Data law regulators in Europe have been called upon to look into a potential data breach case, with brokers, credit ratings agencies and adtech firms falling under suspicion of not playing by new rules.
Complaints were filed to regulators last week by a campaign group named Privacy International, regarding possible transgressions committed by the data broker Acxiom, credit rating agencies, Experian and Equifax, and software multinational, Oracle, the Financial Times online reports.
According to Privacy International, the companies which deal in high volumes of consumer information online, should not be able to have access to such quantities of data.
Legal officer at Privacy International, Ailidh Callander, said:
“Part of their business models are about fundamentally exploiting data and therefore clash with many of the provisions [of the GDPR].”
“We put most of our attention on the bigger companies with which people have a direct relationship, like Facebook and Google, but then there are these other companies that most people have never heard of, and wouldn’t expect to have a huge amount of data about us.”
Ms Callender asserted that data collection behaviours of the firms involved fell short of GDPR’s core principles of transparency and accountability.

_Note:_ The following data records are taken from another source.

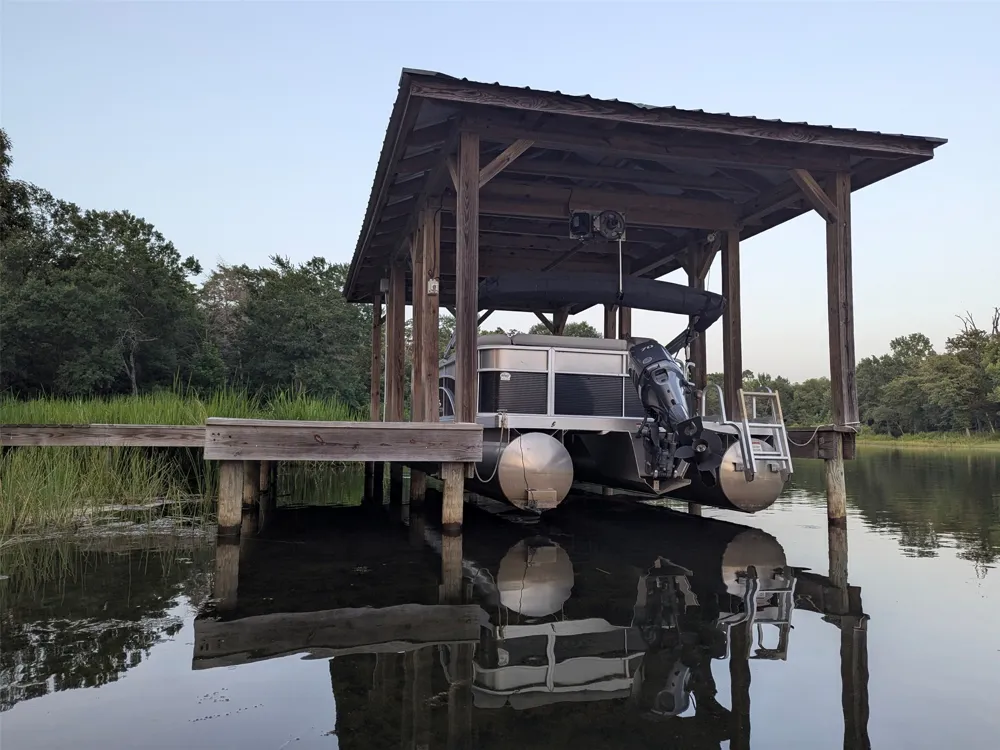 Striper Cove Larue, TX 75770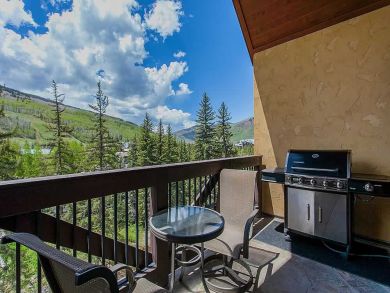 Luxury Vail Rental with Private Hot Tub and Four Bedrooms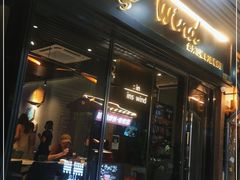 门面-雷泰泰台式胡椒虾(滨江金铂湾店)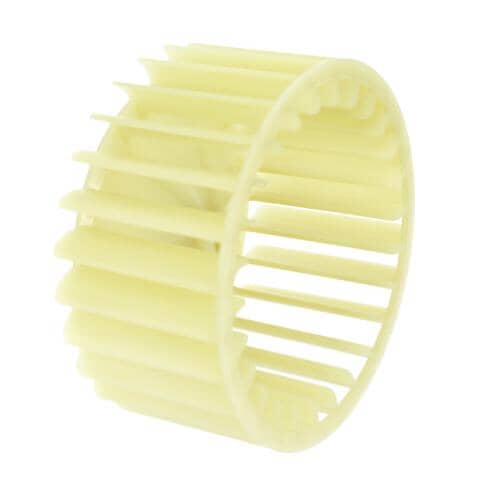 136604401 Electrolux Blower Wheel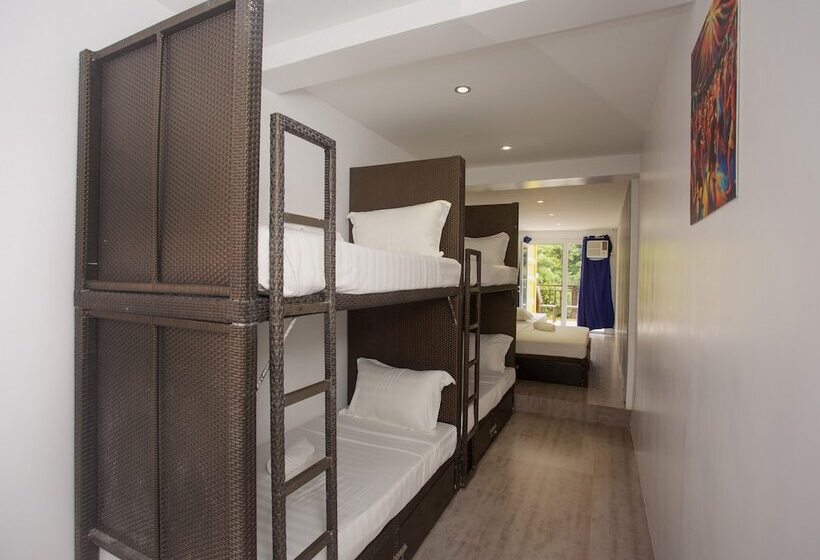 Vandrarhem Chillax Boracay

The firms accused maintain that they use data anonymisation technology and that users are always asked for consent regarding the usage of personal data. However, Privacy International says that collecting anonymised or pseudonymised data has allowed the companies to work out more personal elements of data subjects’ lives, such as political affiliation, religion and racial heritage.
Data privacy hasn’t been far from the headlines throughout 2018, with the Facebook / Cambridge Analytica scandal setting the tone for what has been a record-breaking year in Europe for complaints made to regulatory bodies.
Last month Facebook was hit by a £500,000 fine by the Information Commissioner’s Office, the data privacy regulator in the UK, the sum being the maximum possible penalty under the Data Protection Act 1998.
The Information Commissioner, Elizabeth Denham, said “A company of [Facebook’s] size and expertise should have known better and should have done better”, in a chilling reminder to organisations of all sizes of what’s expected in terms of data security adherence in the current climate.
October also saw Google+ publically named and shamed following disclosure of a data leak which, the search engine giant said, potentially impacted upon 500,000 user accounts.
Complaints made by Privacy International illustrate increasing fears of the existence of a data wild west inhabited by information brokers, adtech companies and credit ratings firms, wherein business models are build upon data trading online.
A similar issue was brought up by Brave, a private web browser, which filed a complaint with watchdogs in the UK and Ireland against adtech industry players and Google.